The ceremony featured a serious of marching band parades, with guards in different uniforms. They would all enter through the middle gate of the Buckingham Palace and stand in a formation. I couldn't take plenty of photos because it was simply too crammed. I could only see bits and pieces myself through gaps. I could, however, clearly hear the marching band's songs. I only knew one song they played, though, and it was. Carly Rae Jepsen's "Call Me Maybe."
Also, half way through the ceremony, it started downpouring! However, I sacrificed getting myself a little bit wet in order to record a couple videos on my phone. At the end of the ceremony, the fancy carriage people went through the gate as well!
Buckingham Palace is big and magnificent. Sad that I didn't get a chance to see the Queen! (She lives there.) Also, I couldn't go in either since it's closed due to the Queen's current residency.
After Buckingham Palace, I made a quick stop in the neighboring Green Park. The park truly lives up to its name: Everything is green. The trees are green, the grass is green, everything is green. It's very cool and relaxing walking under the shades of the tall trees. There is a little cafe stand nearby, and two police officers were having coffee with their horses!
Then, I moved to the park adjacent to Green Park: St. James's Park. While their sizes are similar, St. James's Park offers more than just walking paths and tall trees' shades. There is a huge pond (more like a lake, actually) in the center filled with ducks and geese! They literally flocked to everyone who offered them bread crumbs. Around the lake-pond, many people were having picnics under trees. In addition, many people in business suits ate their lunches (presumably) on the park benches. It was amusing to see the different types of business people walking around trying to find spots for lunch. I walked all the way across St. James's Park. Near the end of the park, there's a small house built in the mid-nineteenth century for the park's birdkeepers, who also studied ornithology.
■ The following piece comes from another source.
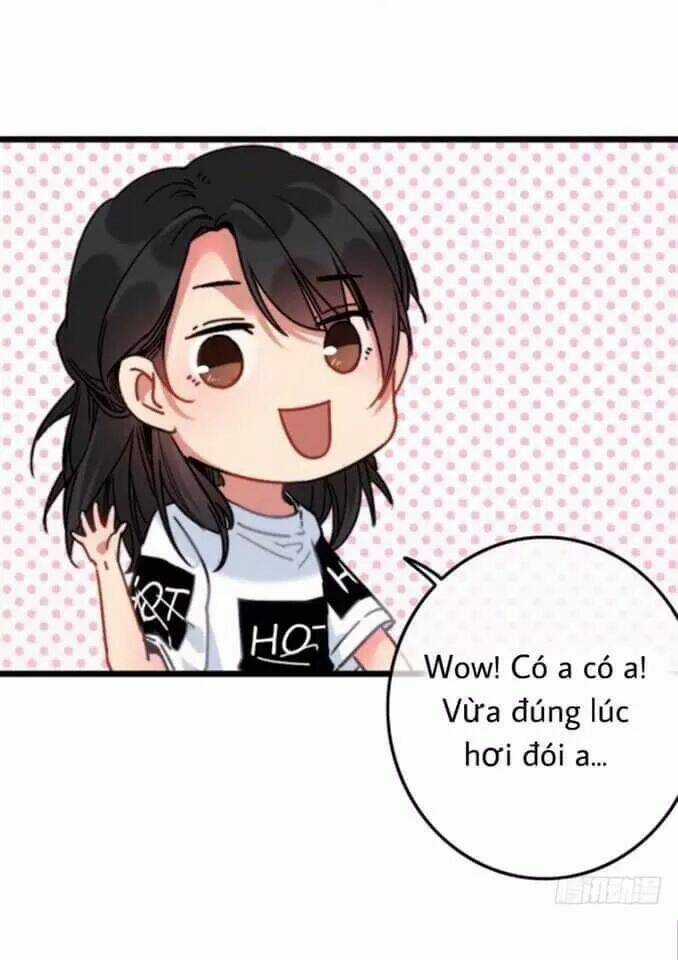 Lời Thì Thầm Chapter 34 trang 4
After exploring this beautiful park, I kept walking until I saw normal streets again. At the opposite side of the street, there was a collection of buildings that appeared to be like castles. I thought I had stumbled on a castle in the middle of London!
Turns out, it was the outskirts of 10 Downing Street, the building where the Prime Minister lives!
There, after a thirty-minute wait in line, I went to the Churchill War Rooms, a museum situated in the then-secret planning complex of the British government during World War II, spearheaded by then-Prime Minister Winston Churchill. The secret complex is located below 10 Downing Street. Churchill's achievements, life, ambitions, and process of how he came to be were both magnificent and often controversial.
The tour showed the working culture, the tense environment of wartime, different officers and secretaries' rooms, and an entire exhibition hall dedicated to Churchill's life. The museum provided many perspectives on his life, ranging from close friends to his estranged family to rivaling world leaders.
After the tour, I walked briskly to Westminster, and there, I finally saw the famous and enigmatic Westminster Abbey. Even though it's a bit tinier than I thought, the details of the gothic design were breathtakingly intricate nonetheless. Unfortunately, I did not have a chance to enter the building as I came after closing time. I shall try again sometime this week.
Directly behind the Westminster Abbey is St. Margaret's Church. I also did not enter the place.
At this point, I was bummed out from walking for about five hours. However, I always remembered how great Westminster is according to people, so I decided to walk through Westminster to Westminster Bridge, where the Big Ben, Palace of Westminster (which holds the Houses of Parliament), and London Eye are. True to what people have told me, Westminster has a spectacular array of gothic-style structures.
As I walked just one street down, lo and behold, the Big Ben stood before me.
(The second photo looks disgusting for some reason? 😭)
From behind, parts of the Big Ben and the Palace of Westminster were (are) under repair. However, when I slowly walked across the Westminster Bridge, the London Eye and the front panoramic view of the Palace of Westminster opened up to me. It was a breathtaking view because never in my life could I imagine a building so wide and tall at the same time. Even though I have seen the Palace of Westminster in movies and TV shows before, seeing it in physical form is incomparable.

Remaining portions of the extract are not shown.